Supplied material START

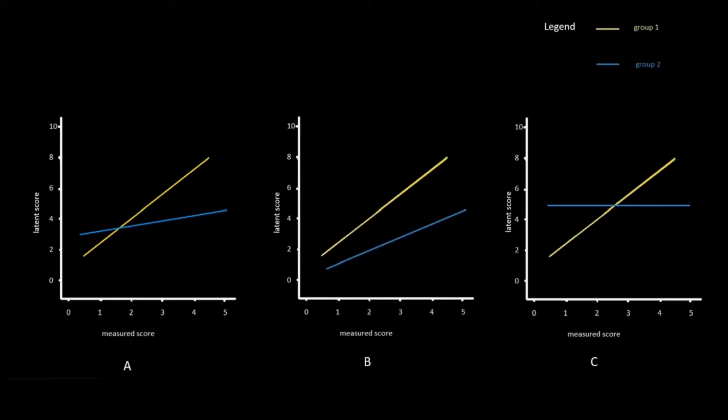The latent score is not observed. It is not simply the average of all the answers on the scale, because that would be the observed total score. The latent score represents the quantity of the construct that each individual has. It is obtained using maximum likelihood estimation. The latent scores are such that they maximize the likelihood that the process described by the model we have drawn produces the data.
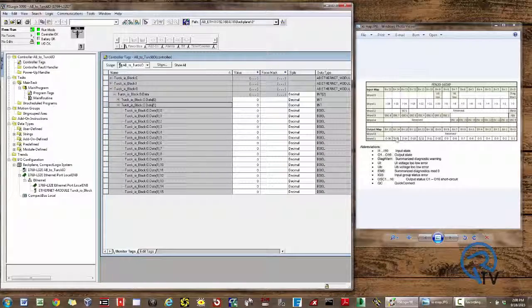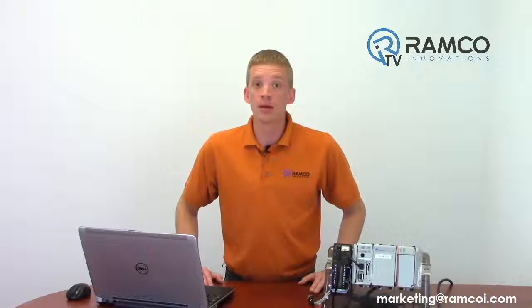As you can see, Ethernet IP is set up with Turk's FEN-20 remote IO block to an Allen-Bradley Compact Logic PLC is pretty straightforward. Be sure to stay tuned to Ramco TV for future videos on how to connect other devices over Ethernet IP. If you have any questions or would like white papers on how to set this up, please let us know. Thanks and be safe out there.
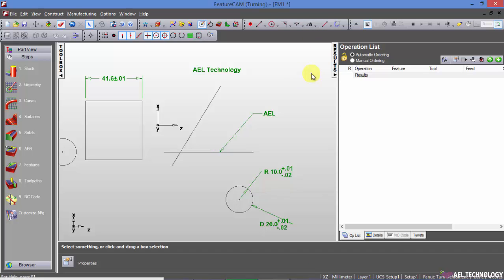So we are done with basics of geometry creation and all. Now in next video I will show you, we will create some examples and you will get thorough to this geometry creation.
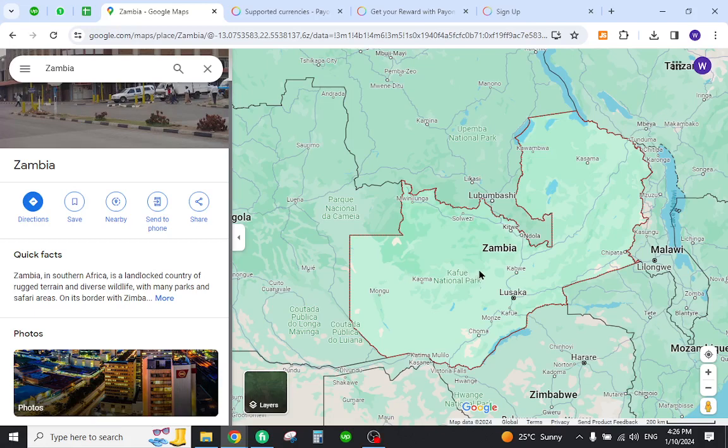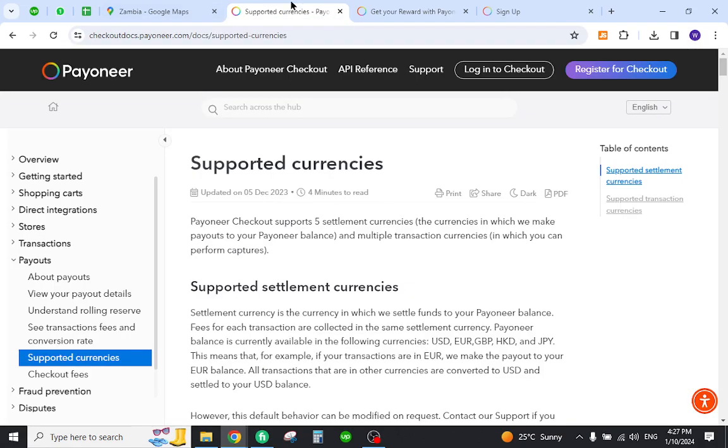Hello and welcome back to my channel. In today's video I will show you how to create your Payoneer account from Zambia and send and receive income from abroad. So let's get started, but before that you must first verify that the country Zambia is listed in the supported currency section.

Supplied material END

(Problem details)
Please return exactly the lines from the one containing "So we are done" through the end of the material above, both ends included, but not the pictures.

(Solution to this task)
So we are done with basics of geometry creation and all. Now in next video I will show you, we will create some examples and you will get thorough to this geometry creation.
Hello and welcome back to my channel. In today's video I will show you how to create your Payoneer account from Zambia and send and receive income from abroad. So let's get started, but before that you must first verify that the country Zambia is listed in the supported currency section.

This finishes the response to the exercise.